College plan adds a fourth county


By Harold Gwin

Jefferson County is now included in the Mahoning Valley’s community college proposal.

WARREN — A proposed local community college has grown from the original concept of creating a college for the Mahoning Valley that would serve Mahoning, Trumbull and Columbiana counties.

An implementation committee appointed to map out the plan is now proposing that the scope of the college be expanded to the south to include Jefferson County, which already has a community college.

Jefferson Community College, with an enrollment of 1,800, is willing to become part of a new, larger community college system serving the four counties, said Dr. Laura Meeks, its president.

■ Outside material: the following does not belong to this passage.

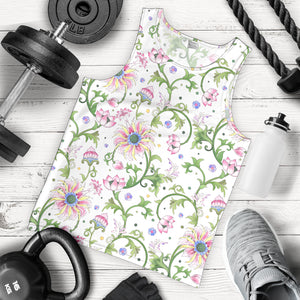 Beautiful pink lotus waterlily leaves pattern Men Tank Top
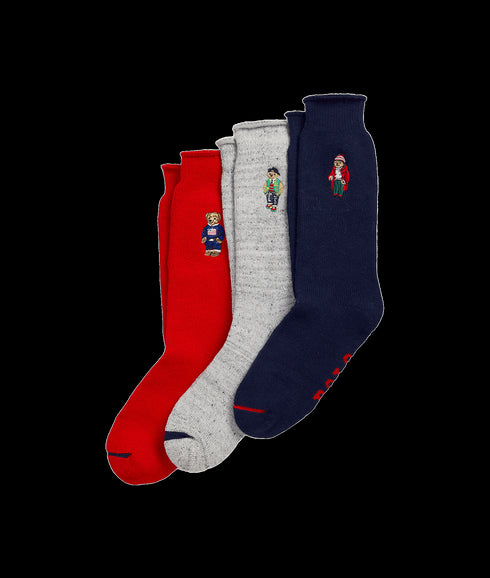 Polo Bear Roll-top 3-sock Gift Set - Multi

The four-county concept was presented to the Governance Working Group of the implementation committee during a meeting Thursday at the YWCA here.

Meeks said her board of trustees has already passed a resolution of support for the new system. There is uncertainty about what will happen, but the board believes it is in the best interest of Jefferson County residents to link with a larger area and become part of a new community college rather than have to compete with it.

Jefferson Community College would become one campus for the new school under that scenario.

No formal name has been selected for that new school, but members of the Governance Working Group seemed to agree that it shouldn’t be limited to the names of just one or two counties or the Mahoning Valley.

A broader name, such as Eastern Gateway, or a name that would give some indication that the community college will be a school for the 21st century, had more acceptance.

Eric Fingerhut, Ohio’s chancellor of higher education, told the group that it has great leeway in crafting the new school, which the governor will ask the state Legislature to approve and fund in the next biennial budget that takes effect July 1, 2009.

The plan is to begin offering classes in the fall of 2009.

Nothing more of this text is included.